Brief: Taking the line with "In the diagram" as the first and the line with "Protecting Plone from the Big, Bad Internet" as the last, set down the lines below exactly, pictures excluded.

Raw data:
★ ★ ★ ★ ★

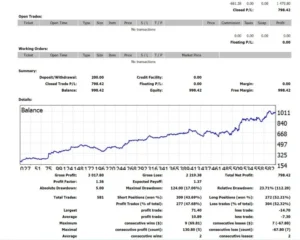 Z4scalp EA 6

★ ★ ★ ★ ★

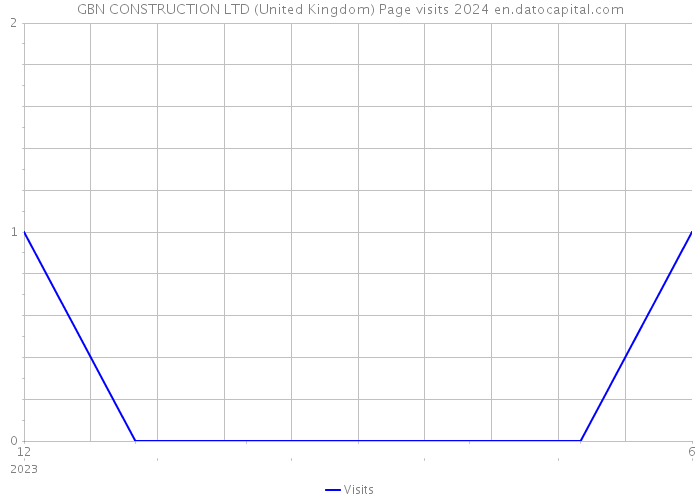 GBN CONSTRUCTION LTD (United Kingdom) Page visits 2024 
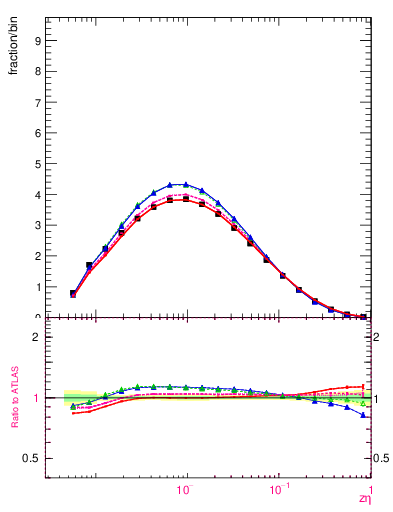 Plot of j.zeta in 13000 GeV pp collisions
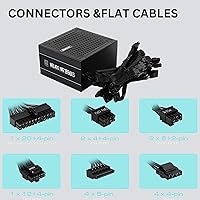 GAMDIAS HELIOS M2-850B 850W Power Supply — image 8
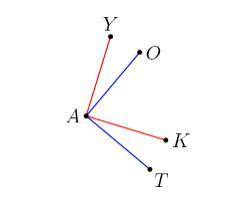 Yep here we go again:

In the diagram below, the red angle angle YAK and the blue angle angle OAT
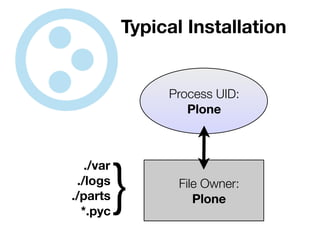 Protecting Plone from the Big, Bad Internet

★ ★ ★ ★ ★

Exercise output:
In the diagram below, the red angle angle YAK and the blue angle angle OAT
 Protecting Plone from the Big, Bad Internet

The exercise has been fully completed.